Nothing seems to be working for Amir Peretz. Not only did he fail in his leadership of Labor and prove to be deficient in his role as defense minister, but he also failed to eradicate the beast of inter-ethnic animosity in Israel. Less than two years after he declared the beast dead, it appears to have made a comeback, thanks to Peretz's own statements and actions. The defeated leader of Labor is so clumsy that even when he actively and bombastically destroys the beast, it returns to disrupt his rest as a result of his own actions.
The day Peretz declared inter-ethnic animosity dead was considered to be a major benchmark in the political life of the country: it was November 10, 2005, during his victory address after he defeated Shimon Peres in the race for the leadership of Labor. Among other things, Peretz said: "... at this movement, I announce to the general public: This moment is the moment in which the beast of inter-ethnic animosity in Israel has been buried."
A year went by and the beast lay asleep in its lair. Nine months later, and barring some light sneezing, it was hard to tell it was there. At least not around Peretz. But last Friday, the beast charged from its hideout and captured the front page of the weekend supplement of Yedioth Ahronoth. Peretz reinvented the beast and raised its head high so that no one will avoid its poison.

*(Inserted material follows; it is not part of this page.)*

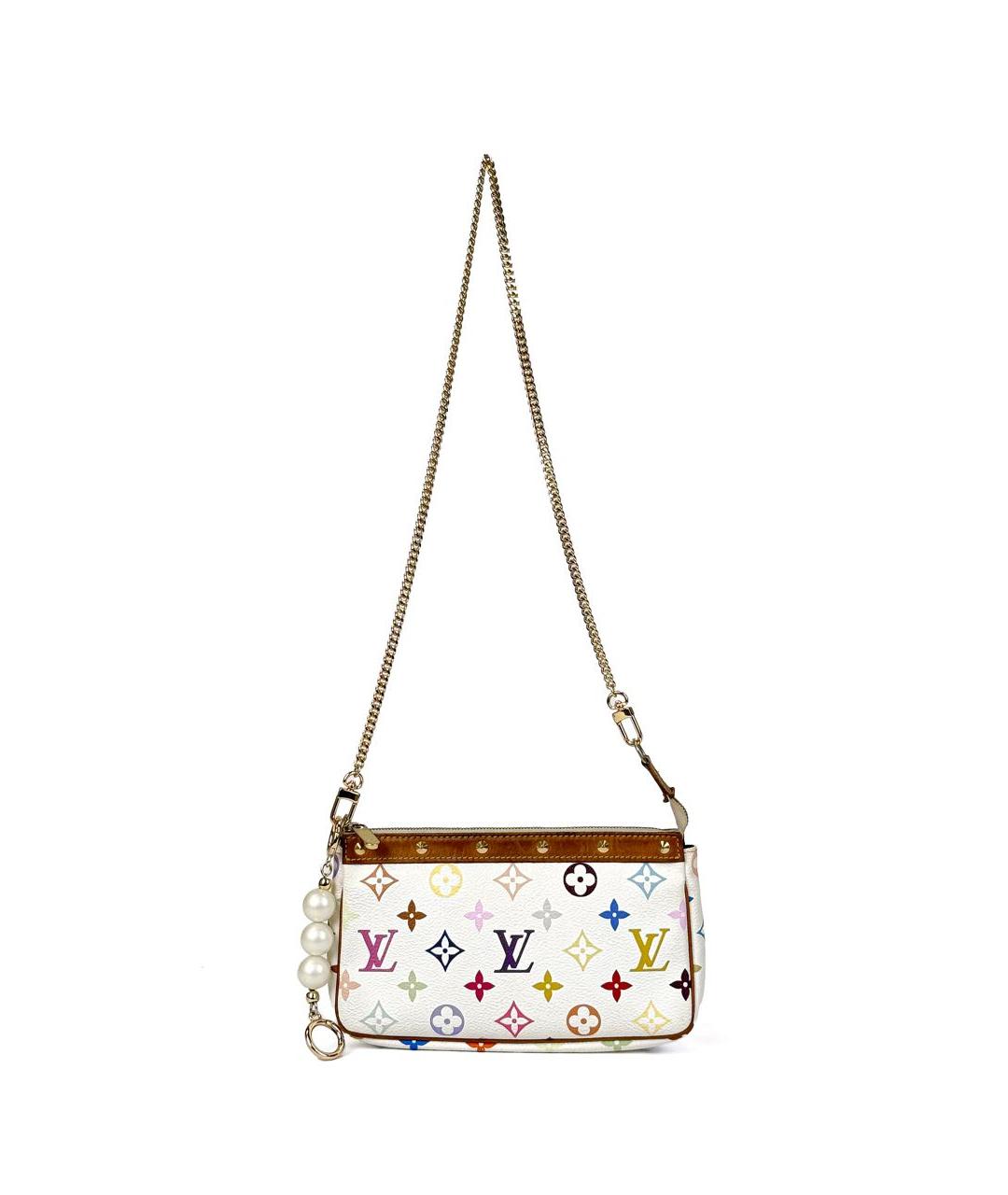 LOUIS VUITTON Белая кожаная сумка через плечо, фото 7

This is how Peretz told the public, in his own words and by his own initiative, in statements that were not taken out of context, that he chose knowingly and whose timing he selected: "There has never been a witch hunt in history like the one being carried out against me. I don't know if it's an ethnic thing or whether it's because I don't belong to the right circles, the inner circle of the tribe."
Elsewhere, he said: "I always defended the kibbutzim... Ideologically, I felt at home with the kibbutz movement. And now, the blow has come that sends us all back years. And this is not just any blow: It is a blow that places you in a weak spot against those in the poor neighborhoods and towns who argued that in Israeli society, there still lingers inter-ethnic animosity and racism. I did not agree with them: I fought against them and said that we will bury this beast. In retrospect, I was wrong. We may have tried to bury this beast, but on the other side, it continued to live, and it is vibrant in the soul of some of the best members of the Labor Party."
In response to a question from his interviewer, whether he felt that the old elites are back, Peretz bursts through the opening: "Undoubtedly, the gang from Rehavia and the kibbutzim have it easier in the struggle for a place at the top. The elites have not been upset as it had been thought. We are far from that. It was a problem to accept that fact when I was No. 1."
The conclusion that we are expected to make: Peretz was not a ridiculous defense minister and a failed national leader because of his limited skills, or because he was not suitable for the role he aspired to; he was a victim of the patronizing attitude of his colleagues in government, of the general staff officers, of those holding senior positions in the defense establishment, and the regular soldiers were contemptuous of him because they were motivated by racism.
What is inferred from this argument is that the human environment in which Peretz found himself upon assuming the role of defense minister, was one of Ashkenazi purity which in turn rejected the foreign element that was forced into it.
On what logical basis and factual evidence is this charge based? Like many party politicians before him, with utter cynicism and cool thinking, Peretz pulls the pin from the fragmentation grenade of inter-ethnic animosity in order to use it for clearing his way back to the forefront of the public stage. He is relying on the repulsive statements of two idle kibbutz members regarding his alliance with Ami Ayalon, in order to cash in on their impact among the more sensitive segment of the Mizrahi community, with the direct aim of inciting it. This effort deserves only scorn.